I’ve been thinking about love. Not romantic love. Self-love. I hate to sound simplistic, but if we love something, we lavish caring on it and if we don’t, well, we it neglect or misuse it. Of course, there are gradients between treating yourself well and poorly, but if you love yourself wholeheartedly, you can’t continue to have a destructive relationship with food because self-love and self-trashing are mutually exclusive.

Both conditional and unconditional love have evolutionary underpinnings. Because infants and children are not always likeable, the love we feel for them must be unconditional so that we’ll care for them and keep the species trucking. Alternately, adults need to be shaped in order to live in society—humane qualities need to be reinforced and inhumane ones extinguished—so the love we feel for each other is conditional. To be emotionally healthy, self-love needs to be so ingrained, so much a given, that we don’t think about it; we just know it’s there. We can’t only love ourselves if we have a perfect body or eat healthily. Self-love is a permanent, ongoing state of mind.

If you grew up being mistreated or neglected, you may not feel lovable today, but may be unaware that feeling unlovable is driving unhealthy eating. If you mistreat your body by regularly over- or undereating or engaging in other self-destructive behaviors like purging, what does that say about what you think of yourself? You may wrongly believe that if you’re good or do this or that you’ll love yourself, but exactly the opposite is true: you need that deep, abiding valuing and acceptance first. Then you’ll do right by you.

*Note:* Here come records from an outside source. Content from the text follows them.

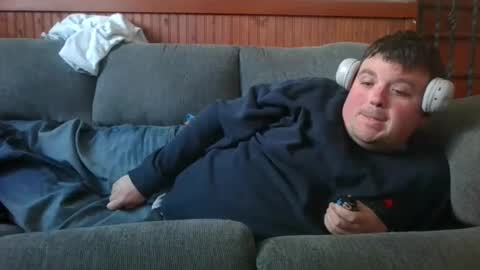 Snapshot of eazyb1991 chatting on February 7, 7:50 pm Eazyb91 online show from February 7, 7:50 pm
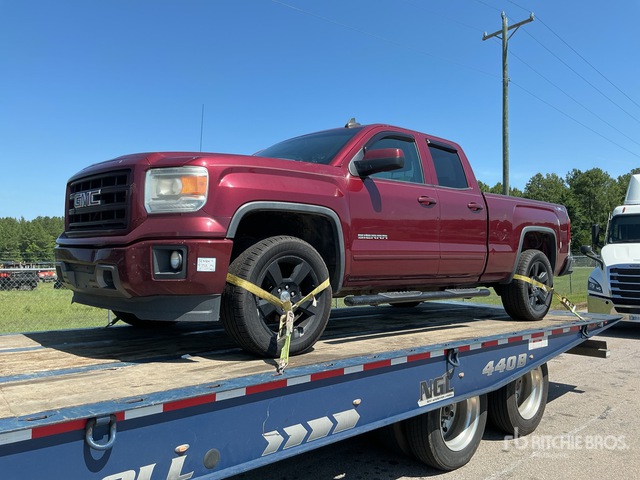 2015 GMC Sierra 1500 4x4 Extended Cab Pickup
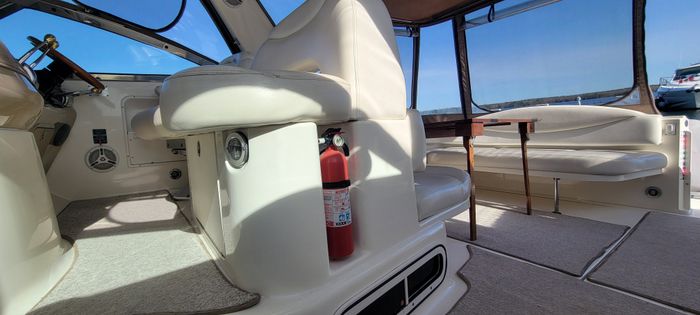 2001 Sea Ray Sundancer 380 Photo 8 of 24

A difficult concept to grasp. Clients tell me they’re unworthy of self-love because they behave badly, hurt others, harm themselves, are lazy, and imperfect. Well, so are other people, yet they manage to love themselves in spite of these flaws. Our frailties are part and parcel of being human and are no reason not to have self-love. If you want to improve your relationship with food, you have to make a choice. Yes, I believe self-love is just that. You decide either you’re going to love yourself or not. If not, then you continue to do yourself harm with food and otherwise and are caught in a negative loop: not loving yourself, you treat yourself poorly which reinforces your bad feelings, etc.

Loving yourself colors everything, including how you eat and care for your body and triggers a positive process. Starting from the premise of self-love, you do good by you and feel more lovable which supports treating yourself better, etc. Denying yourself self-love will keep you stuck in dysregulated eating. Why not love yourself, starting now?